» What the exercise asks
Each line that contains the string "with" counts once; report how many such lines appear in the data, as a number only.

» Data block

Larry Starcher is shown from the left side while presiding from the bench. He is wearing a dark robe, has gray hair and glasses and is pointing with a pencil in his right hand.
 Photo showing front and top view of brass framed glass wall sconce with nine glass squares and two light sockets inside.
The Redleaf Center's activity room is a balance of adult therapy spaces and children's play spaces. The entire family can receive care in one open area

» The completed task
2